Christie Bentham, a fierce advocate for speech-language pathology in Ontario and in Canada, passed away in December at the age of 85. She leaves behind a trail of notable efforts that continue to serve both public and professional interests in increasing access to services that are so urgently needed.

Throughout a career dotted with accomplishments, Christie’s professional practice included working in hospitals in Hamilton, Montreal and Oshawa, with a wide variety of clients, before eventually establishing the speech pathology department at Centenary Hospital in Scarborough, Ontario. She also had her own private practice. But it was Christie’s professional advocacy contributions that had the farthest reaching impact. Christie initially served as the editor and was a member of countless committees for the Ontario Association of Speech Language Pathologists and Audiologists (OSLA) in its early years, then known as the Ontario Speech and Hearing Association. Perhaps most importantly though, Christie served as a charter member of SAC (then the Canadian Speech and Hearing Association) and was President of OSLA in both 1966 and again in 1987. Few speech-language pathologists have had the opportunity to influence the profession at the provincial and national spheres.

Christie’s work was never done. Forward-thinking and always anticipating change, she was a doer who sought to pave the way for others. Recognizing a clinical need for parent training, under her guidance, Christie and her staff implemented parent programming supports for pediatric clients at Centenary Hospital. Understanding the importance of ongoing professional education, she also established a study group, comprised of S-LPs from both Centenary and Scarborough General Hospitals, which still continues to this day. In her retirement, with years of experience under her belt, she recognized the power of expression and began teaching English as a second language to exchange students at the University of Toronto. She became a mentor to many, including myself, when she allowed others to find their voices.

Christie knew that the strength of the S-LP voice was in numbers, and she fought to advance the profession so that there was always a welcome spot for us at the interprofessional table. She regularly extended a hand to graduate students in the field, recognizing the need for the dissemination of new information, new voices and new talent.
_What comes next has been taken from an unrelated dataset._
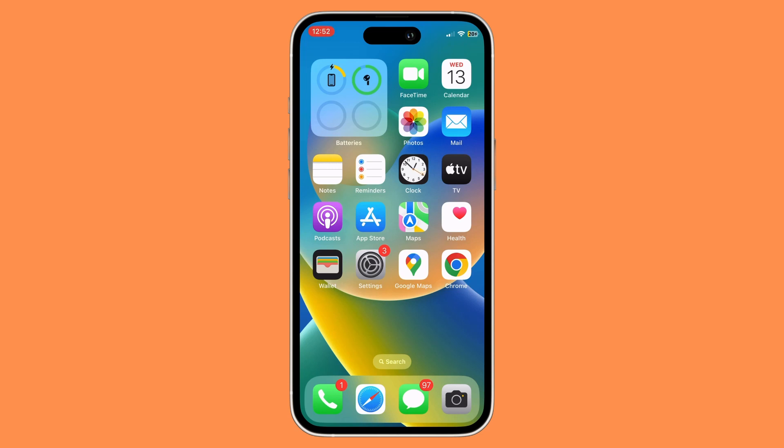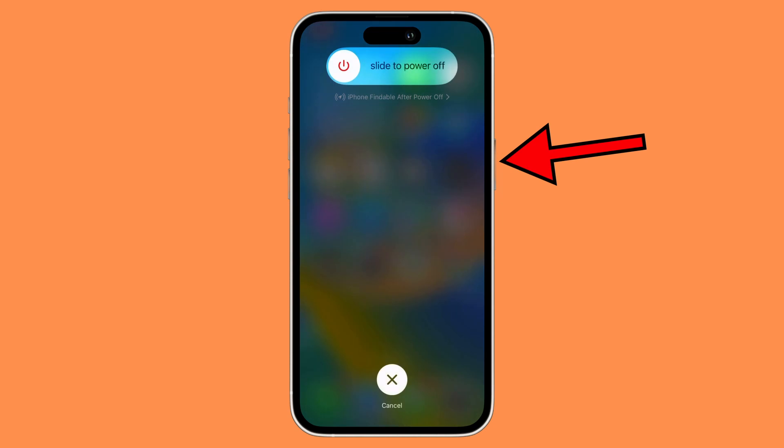What you need to do first is click on the volume up button and then click on the volume down. Once you have done that, click on the power button and this will pop out of the screen.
Christie’s was a life well lived. It is now up to us as a community to highlight and continue her unfinished work. In an OSLA publication from 1998, Christie herself said, “We can take pride in what has already been done, but must answer the challenge of a great deal more to come.” We may have lost a pioneer, but her legacy of service to others and professional advocacy lives on.

About the author: 

Julie Herczeg is a speech-language pathologist who works for the York Region District School Board. She is also a private practitioner in her own practice and at ISAND (Integrated Services for Autism and Neurodevelopmental Disorders), and is a qualified teacher as well. Julie has been a member of the OSLA Board of Directors since 2011 and currently serves as Secretary-Treasurer.  She lives in Toronto, Ontario.